__The data__:

════════

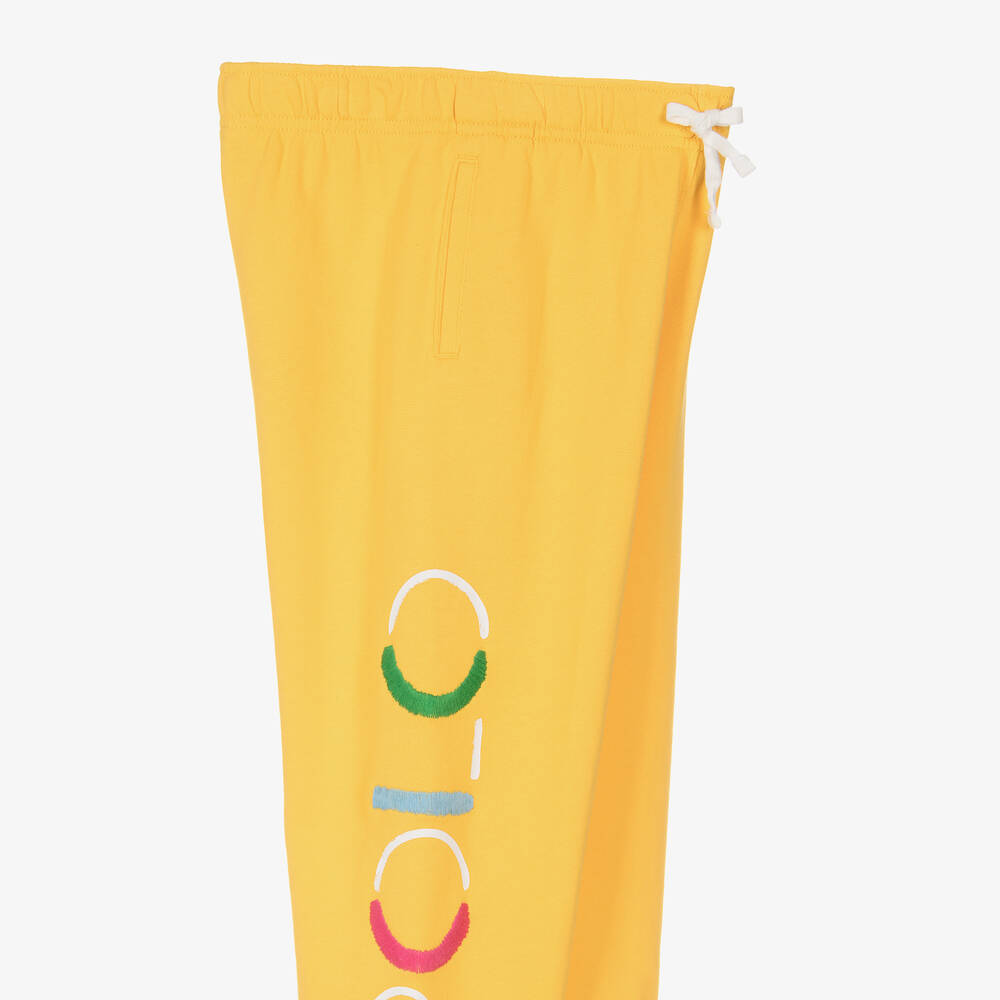 Ralph Lauren-Желтые джоггеры из джерси для девочек | Childrensalon Outlet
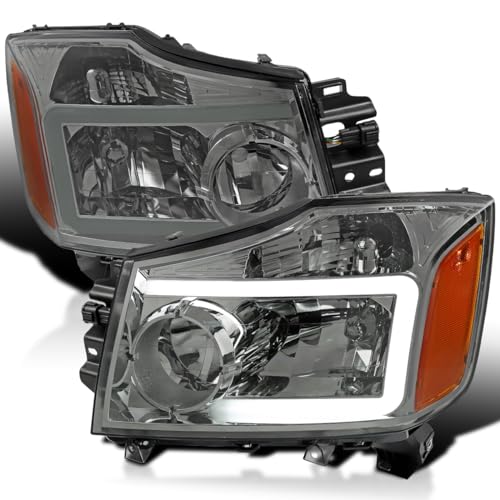Chrome Housing Light Smoke Lens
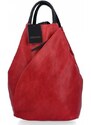 Dámská kabelka batůžek Hernan červená HB0137-1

════════

__What is being asked__:
Give the data above again, exactly and completely. No pictures go in.

__Solved exercise__:
 Ralph Lauren-Желтые джоггеры из джерси для девочек | Childrensalon Outlet
Chrome Housing Light Smoke Lens
 Dámská kabelka batůžek Hernan červená HB0137-1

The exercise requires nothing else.